> _Information provided_
════════

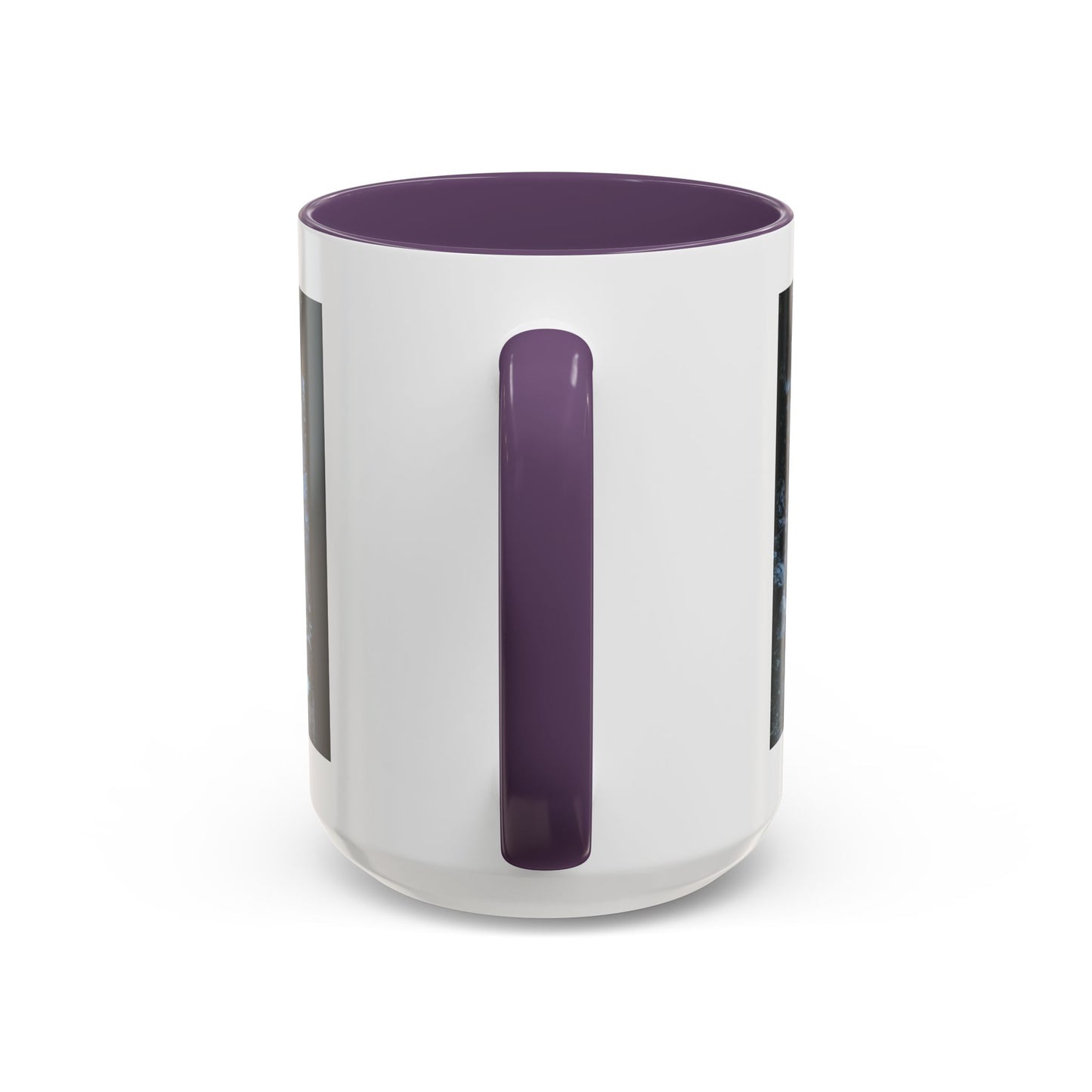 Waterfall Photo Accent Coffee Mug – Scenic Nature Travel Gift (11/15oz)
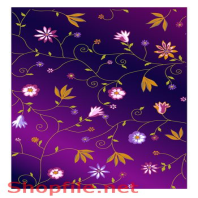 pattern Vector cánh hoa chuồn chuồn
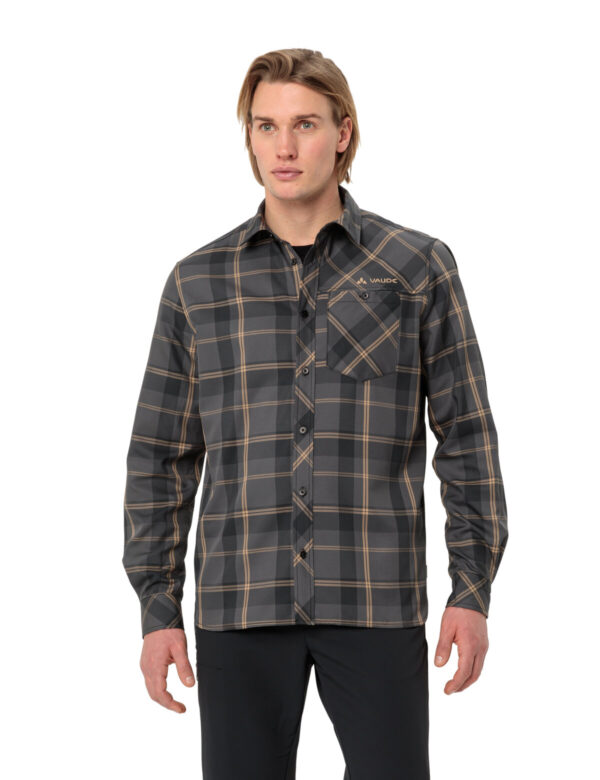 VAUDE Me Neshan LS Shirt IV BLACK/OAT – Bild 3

════════

Transcribe the whole of the data exactly, minus any pictures.

 Waterfall Photo Accent Coffee Mug – Scenic Nature Travel Gift (11/15oz)
 pattern Vector cánh hoa chuồn chuồn
 VAUDE Me Neshan LS Shirt IV BLACK/OAT – Bild 3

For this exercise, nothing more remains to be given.